FAQ: What security features do chip cards offer?

Because chip cards, or Integrated Circuit Cards (ICCs) use microprocessors to store, analyse and transfer information, they possess several protective characteristics.

This is what makes chip cards so popular in the payment industry. However, companies can also make ICCs with ID printers, allowing organisations to enforce higher facility defence standards. Several chip card security functions are listed below:

1. Cryptograms 

In the traditional sense, a cryptogram is a set of characters that represent specific numbers or letters. These codes have been used as far back as the times of Julius Caesar, when politicians and military leaders would pass secret messages to one another.
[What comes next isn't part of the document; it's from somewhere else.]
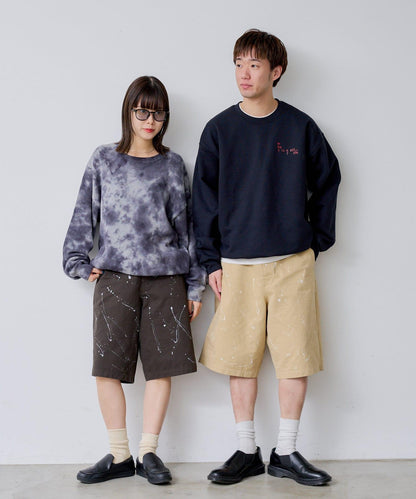 Kastane 手繪棉斜紋休閒短褲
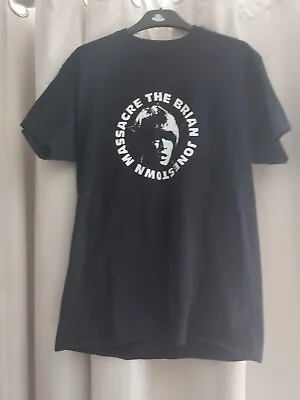 Buy The Brian Jonestown Massacre  T-shirt Logo Black / Navy T-Shirt Uk Size Medium  • 30£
Chip cards use cryptograms to encrypt data. Authorization Request Cryptogram (ARQC), Authorisation Response Cryptogram (ARPC), Transaction Certificate (TC) and Application Authorisation Cryptogram (AAC) are four of the processes used to create these ciphers.

2. Application cryptograms 

Application cryptograms are created whenever a chip card interacts with an acceptance device. The purpose of application cryptograms is to authenticate both the chip card and the system it’s communicating with.

Depending on whether the transaction is occurring online or offline, the verification process may be different. For example, when an online authorisation request is required, the chip card and acceptance device will generate is ARQC. When the chip card approves the system it’s communicating with, it creates a unique TC.

3. Chip security evaluation 

Think of chip card transactions as two-way streets. The ICC must validate the acceptance device, and vice versa. So, whenever an ICC initiates a transaction with an acceptance device, the latter must determine whether or not the chip card is abiding by a list of security settings.

4. Dynamic card security code 

A dynamic card security code is a unique cryptogram associated with a specific transaction. That means every time a person uses a chip card to pay for goods or exchange data with an ID card solution, the ICC produces a cryptogram that can only be used once. So, if someone were to steal and decrypt the code, the data itself would be useless.

These are just four out of several dozens security capabilities chip cards possess, but they exemplify the technology’s protective nature.